Researchers have found a trove of potential active ingredients that could help to provide treatment for the influenza virus in the future.


Source: Saskia Hinse

Lead author Dr. Franziska Günl (left) and the head of the study, Dr. Linda Brunotte

The team at the University of Münster has provided evidence of 59 specific modifications to the polymerase of the influenza A virus, in other words the decisive enzyme responsible for the production of copies of the virus genome. These are described in a study published in the latest issue of the journal Nature Communications.

What is special about the modifications described in the study is that they are transmitted by proteins in the host cells – and, in contrast to virus proteins, they cannot mutate rapidly. They therefore represent a promising approach for the production of new medicines.

Complex protein

The influenza A virus polymerase (IAV polymerase) is a highly complex protein which has more than just one function. One of these is that after a structural change it can also make copies of the virus genome (cRNA and vRNA). Without this “switch“ of functions, the virus is not able to proliferate.
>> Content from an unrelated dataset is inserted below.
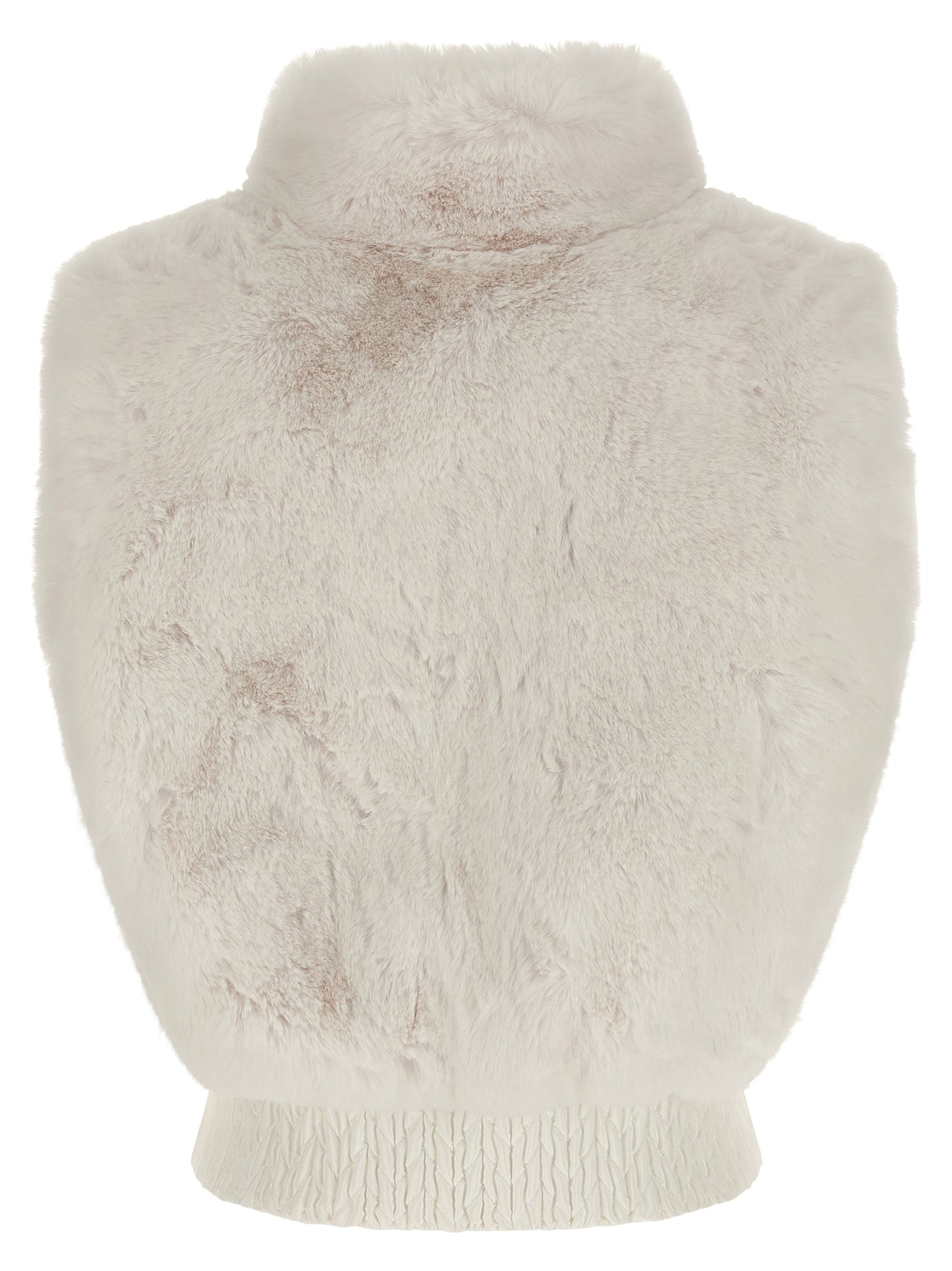 'Dahlia' reversible vest Gilet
As Dr. Linda Brunotte and Dr. Franziska Günl and a team of colleagues have now discovered, the IAV polymerase needs proteins from the host cell to act as “molecular switches“ and carry out its diverse functions. These proteins are enzymes which dock so-called ubiquitin proteins onto specific places in the polymerase and, as a result, trigger the signal for the switch of functions.

“We were able to produce a map showing 59 positions on the viral polymerase to which ubiquitin was attached through the host cell. These are completely new findings which reveal the Achilles‘ heel of the influenza A virus,“ explains Dr. Brunotte, who heads a team of researchers at the Institute of Molecular Virology and also initiated the study.

Signal and switch

This ubquitination had a definite influence on the activity of the polymerase at 17 spots. Moreover, one specific position was discovered whose modification represents the signal for the conversion and the associated switch of functions in the polymerase.
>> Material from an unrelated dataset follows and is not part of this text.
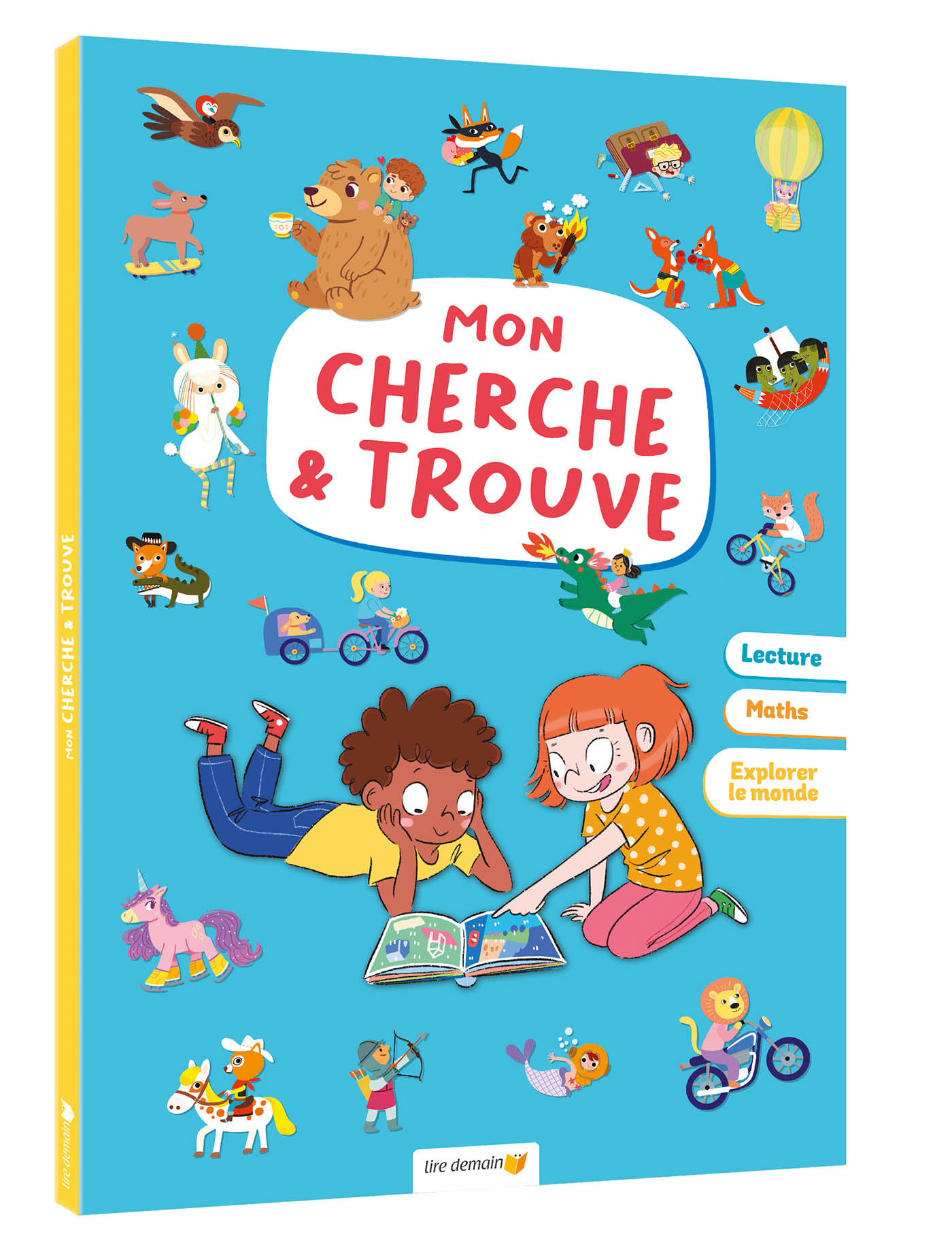 MON CHERCHE ET TROUVE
As a result, Dr. Günl, the lead author of the study, is now looking ahead, saying: “On the basis of our mapping of the ubiquitination, further studies can now research into which enzymes are specifically responsible for the modification of the IAV polymerase. Medicines which are directed against these enzymes would be resistent to mutations in influenza viruses, thus displaying great potential for future treatments.

The study produced by Dr. Brunotte and Dr. Günl received 266,000 euros in funding from the German Research Foundation.